The mill’s parent company, Eastern Pulp & Paper, said the shutdown resulted from a slump in orders over the past few months and would continue for an indefinite period.

In addition, all other company employees, including those at Lincoln Pulp & Paper, were being asked “to make further sacrifices,” the company said. Management said pay for salaried employees will be cut 10 percent effective June 1 and officials planned to meet with union leaders to discuss changes in labor contracts.

With Tuesday’s layoffs, Eastern Pulp & Paper has a combined work force of 725 at the Brewer and Lincoln mills.

The parent corporation, based in Amherst, Mass., and the two mills have been operating under Chapter 11 bankruptcy protection since September 2000. Officials said shareholders have pumped $8 million into the company during that period and has implemented millions of dollars in cost savings, including worker concessions, without loss of efficiency or product quality.

“In spite of what we have done, we are forced, by recent and unforeseeable conditions in the pulp and paper market, to make substantial cost reductions in order to assure the continued viability of our company,” Chairman and CEO Joseph Hill Torras Sr. and President Joseph Hill Torras Jr. said in a statement.

The executives said paper orders by the federal government placed through mid-June have come in well below levels originally contracted, causing machinery to remain idle.

“Due to these unforeseen circumstances, Eastern Fine Paper in Brwer currently has insufficient business to support all its existing machinery and we have no reason to expect a significant change to occur in a time frame which would enable us to avoid the cost reductions we are announcing today,” the statement said.

The company said Gov.
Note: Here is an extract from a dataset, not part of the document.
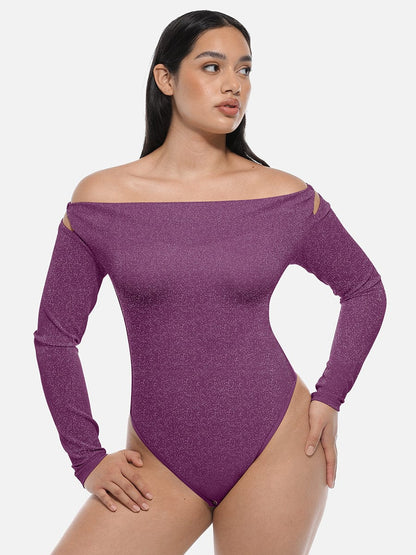 Shiny Draped-Neck All-in-One Shapewear Bodysuit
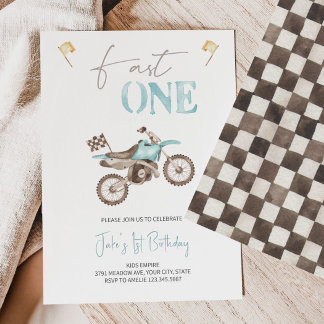 Invitation Fast ONE Baby Blue Dirt Vélo Anniversaire Invitati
John Baldacci and members of the state’s congressional delegation were aware of the situation and were taking steps to help the displaced workers.

U.S. Sen. Susan Collins said that while she was able to secure a commitment Friday from the Government Printing Office to accept a previously declined shipment from Eastern Fine Paper, company officials indicated that the mills were struggling with sluggish demand and low prices.

U.S. Rep. Michael Michaud, himself a longtime paper mill worker, said that if the industry in Maine is to recover, the nation must address trade policies that benefit foreign paper makers that are not subject to environmental or labor laws.

The cutbacks in Brewer follow this year’s bankruptcy that idled Great Northern Paper in the Millinocket area and led to its sale to Brascan Corp., and Georgia-Pacific’s decision to scale back production at its tissue mill in Old Town.